Data Augmentation techniques in time series domain: A survey and taxonomy
Guillermo Iglesias, Edgar Talavera, Ángel González-Prieto, Alberto Mozo, Sandra Gómez-Canaval
TL;DR
This survey addresses the challenge of limited, privacy-constrained time-series data by cataloging data augmentation methods across traditional transformations, VAEs, and GAN-based approaches. It organizes methods into a taxonomy, analyzes evaluation metrics and their applicability, and contrasts downstream performance with distributional similarity measures. The work highlights practical considerations, including transformation validity, training stability for generative models, and task-specific trade-offs in anomaly detection and data imputation. By clarifying when and how to apply each technique and how to assess synthetic time-series data, the paper aims to guide researchers and practitioners toward more reliable and effective augmentation strategies.
Abstract
With the latest advances in Deep Learning-based generative models, it has not taken long to take advantage of their remarkable performance in the area of time series. Deep neural networks used to work with time series heavily depend on the size and consistency of the datasets used in training. These features are not usually abundant in the real world, where they are usually limited and often have constraints that must be guaranteed.
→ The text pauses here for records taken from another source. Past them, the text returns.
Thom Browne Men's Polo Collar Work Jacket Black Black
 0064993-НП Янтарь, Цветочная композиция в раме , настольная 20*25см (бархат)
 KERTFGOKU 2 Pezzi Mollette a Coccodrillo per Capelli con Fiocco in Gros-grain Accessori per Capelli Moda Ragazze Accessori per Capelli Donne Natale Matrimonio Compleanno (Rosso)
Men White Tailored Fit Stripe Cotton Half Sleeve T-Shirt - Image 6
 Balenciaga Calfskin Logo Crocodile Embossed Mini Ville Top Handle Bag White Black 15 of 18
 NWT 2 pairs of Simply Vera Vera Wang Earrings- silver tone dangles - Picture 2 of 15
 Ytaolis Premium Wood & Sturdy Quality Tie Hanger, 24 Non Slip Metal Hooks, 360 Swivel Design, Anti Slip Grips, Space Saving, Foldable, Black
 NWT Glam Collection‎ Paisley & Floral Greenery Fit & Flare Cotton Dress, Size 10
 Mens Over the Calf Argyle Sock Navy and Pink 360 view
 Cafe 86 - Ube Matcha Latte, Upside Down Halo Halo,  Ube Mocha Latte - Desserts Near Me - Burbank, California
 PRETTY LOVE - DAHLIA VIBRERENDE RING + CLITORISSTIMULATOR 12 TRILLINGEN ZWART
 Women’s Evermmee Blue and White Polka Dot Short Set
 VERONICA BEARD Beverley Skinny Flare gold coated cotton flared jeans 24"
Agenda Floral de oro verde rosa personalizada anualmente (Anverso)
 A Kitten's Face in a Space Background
Therefore, an effective way to increase the amount of data is by using Data Augmentation techniques, either by adding noise or permutations and by generating new synthetic data. This work systematically reviews the current state-of-the-art in the area to provide an overview of all available algorithms and proposes a taxonomy of the most relevant research. The efficiency of the different variants will be evaluated as a central part of the process, as well as the different metrics to evaluate the performance and the main problems concerning each model will be analysed. The ultimate aim of this study is to provide a summary of the evolution and performance of areas that produce better results to guide future researchers in this field.